= Jeremy Green =

American sports journalist (born 1971)

Jeremy Green (born July 21, 1971) is a former sports columnist and NFL studio analyst who last worked for ESPN, where among other things he hosted the daily American football podcast Football Today. Green was removed indefinitely from the Football Today podcast due to what has been cited as personal reasons.

Green is the son of former Minnesota Vikings and Arizona Cardinals head coach Dennis Green. He graduated from Santa Cruz High School in 1989. He formerly worked as a scout for several National Football League teams and director of pro personnel for the Cleveland Browns.

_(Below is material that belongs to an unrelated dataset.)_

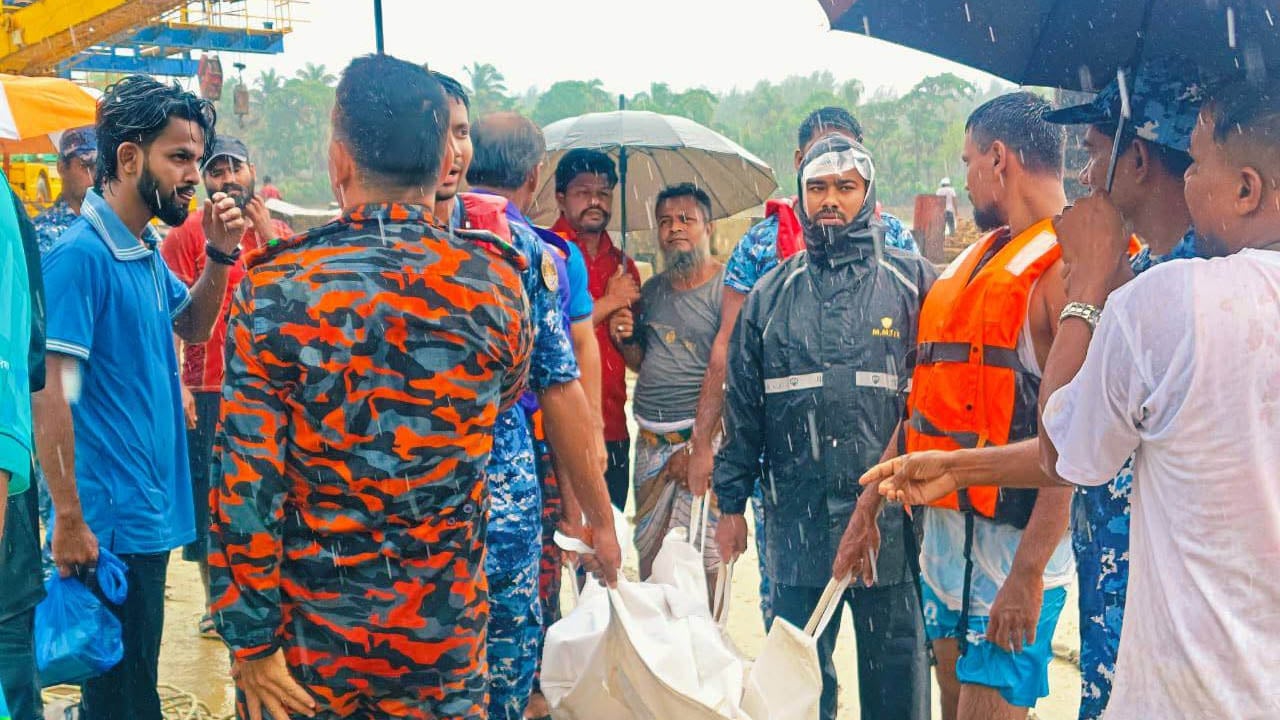 কক্সবাজারের ইনানীতে নিখোঁজের ২১ ঘণ্টা পর পর্যটকের মরদেহ উদ্ধার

On July 8, 2010, while staying at the Holiday Inn Express in Bristol, Connecticut Green was arrested for possession of child pornography, possession of narcotics and possession of drug paraphernalia - an unspecified amount of cocaine. He was in custody on $750,000 cash bail. The arrest warrant stated that Green sent the undercover officer "17 pictures of a toddler, two videos of a toddler and one video of an 8-year-old girl." Following his arrest, an ESPN spokesman said Green was no longer employed by ESPN. On July 20, 2010, Green pleaded not guilty to the charges. On February 11, 2011, he pleaded guilty to possession of child pornography. He was extradited to Missouri and pleaded guilty to two counts of promoting child pornography in the second degree on December 1, 2011, for which he received a five-year concurrent sentence. He was released in May 2016.